**Goal of the exercise:**
Copy each line of the listing below where the word "said" turns up.

**Data for the task:**
=-=-=-=-=

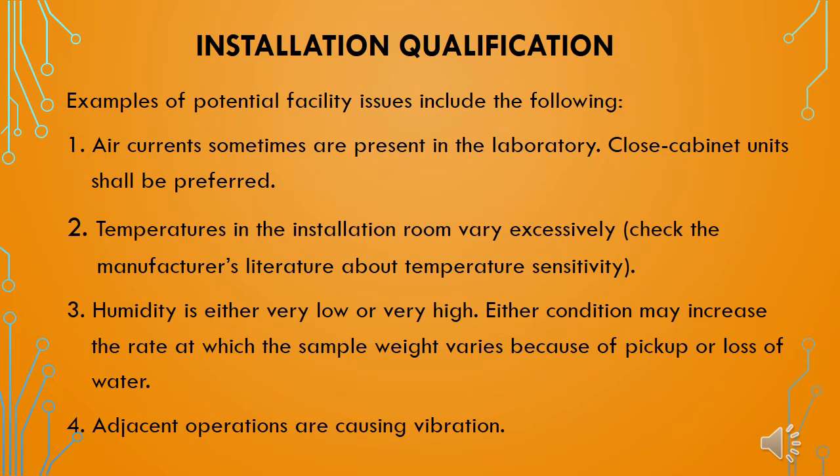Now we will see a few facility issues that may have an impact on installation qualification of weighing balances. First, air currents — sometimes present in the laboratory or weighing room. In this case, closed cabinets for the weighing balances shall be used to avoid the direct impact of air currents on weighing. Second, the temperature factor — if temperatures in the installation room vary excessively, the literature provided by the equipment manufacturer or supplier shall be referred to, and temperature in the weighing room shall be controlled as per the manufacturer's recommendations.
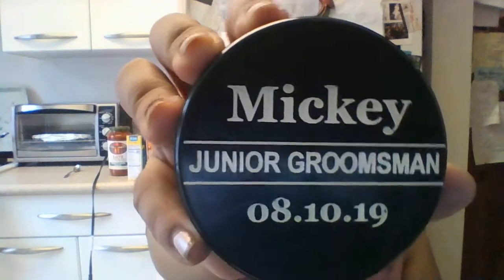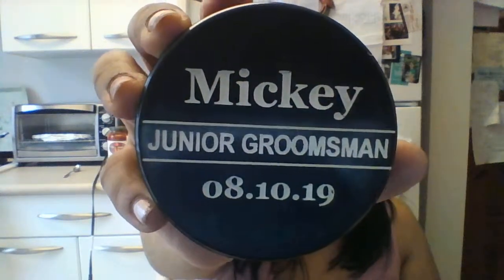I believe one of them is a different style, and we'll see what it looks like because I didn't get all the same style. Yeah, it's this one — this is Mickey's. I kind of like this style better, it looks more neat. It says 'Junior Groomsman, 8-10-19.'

=-=-=-=-=

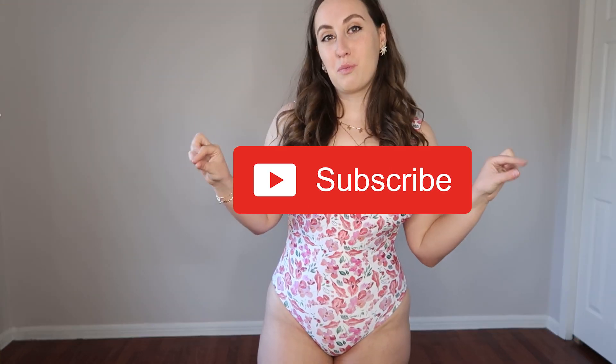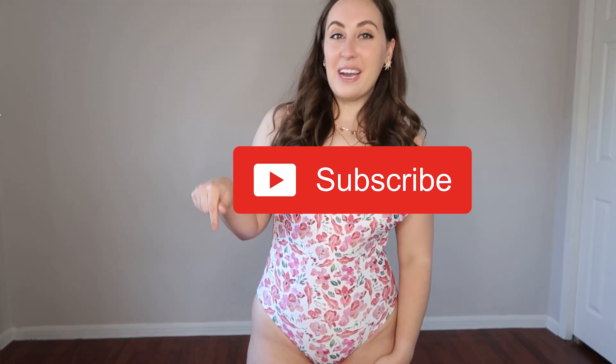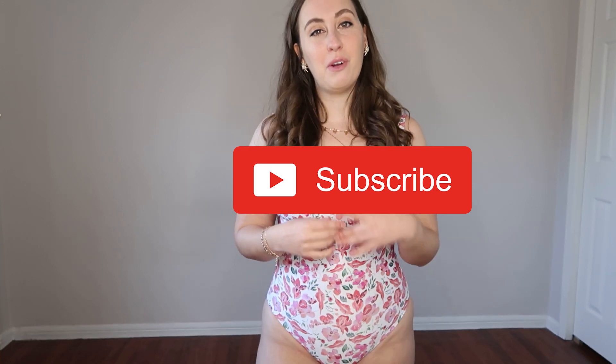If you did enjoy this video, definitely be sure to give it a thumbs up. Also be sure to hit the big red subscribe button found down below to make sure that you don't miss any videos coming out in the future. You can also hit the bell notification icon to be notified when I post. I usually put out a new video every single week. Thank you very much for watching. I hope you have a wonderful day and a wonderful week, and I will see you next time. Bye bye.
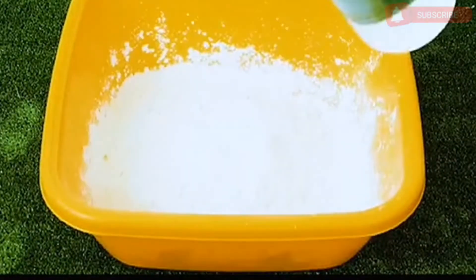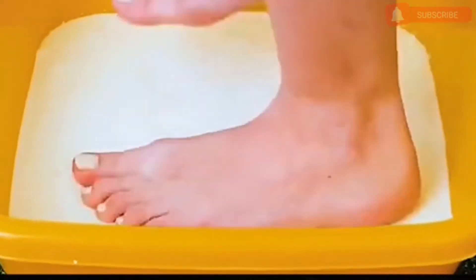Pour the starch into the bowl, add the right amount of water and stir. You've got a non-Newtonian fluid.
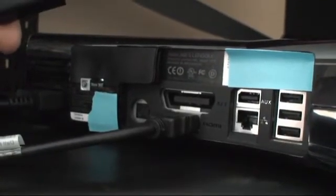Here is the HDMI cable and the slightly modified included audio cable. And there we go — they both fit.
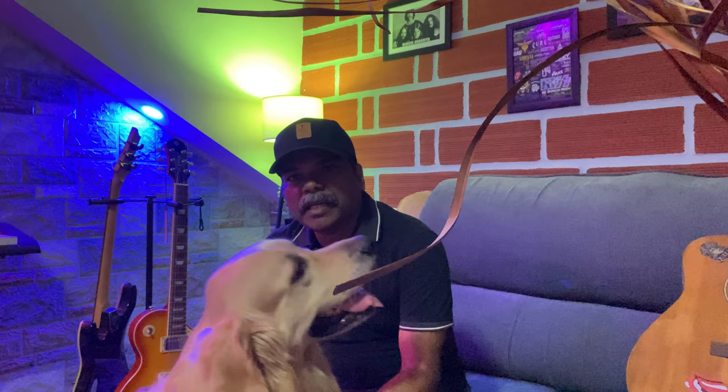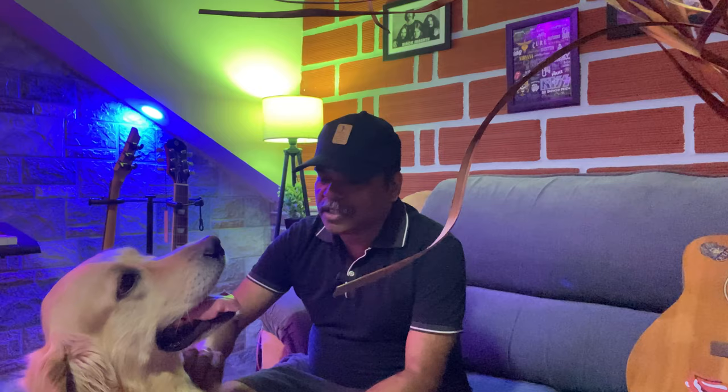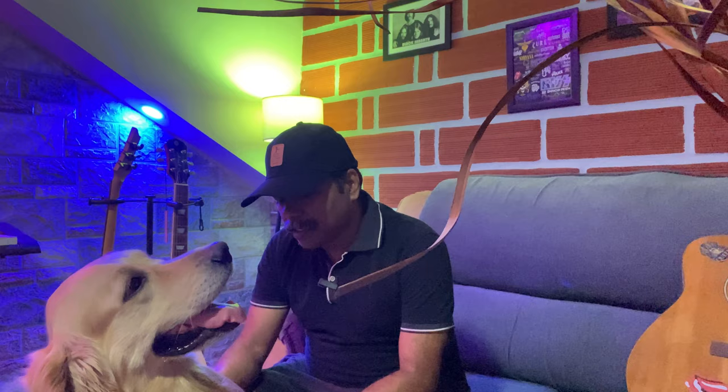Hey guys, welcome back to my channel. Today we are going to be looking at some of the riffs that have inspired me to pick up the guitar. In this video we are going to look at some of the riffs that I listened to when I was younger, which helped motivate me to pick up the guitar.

=-=-=-=-=

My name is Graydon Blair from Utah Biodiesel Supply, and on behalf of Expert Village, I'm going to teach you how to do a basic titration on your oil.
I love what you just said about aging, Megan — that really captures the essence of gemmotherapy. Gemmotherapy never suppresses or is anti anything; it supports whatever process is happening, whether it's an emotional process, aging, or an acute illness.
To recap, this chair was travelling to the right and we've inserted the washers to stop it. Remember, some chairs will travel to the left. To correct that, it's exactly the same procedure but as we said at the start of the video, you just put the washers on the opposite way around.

=-=-=-=-=

**Response:**
I love what you just said about aging, Megan — that really captures the essence of gemmotherapy. Gemmotherapy never suppresses or is anti anything; it supports whatever process is happening, whether it's an emotional process, aging, or an acute illness.
To recap, this chair was travelling to the right and we've inserted the washers to stop it. Remember, some chairs will travel to the left. To correct that, it's exactly the same procedure but as we said at the start of the video, you just put the washers on the opposite way around.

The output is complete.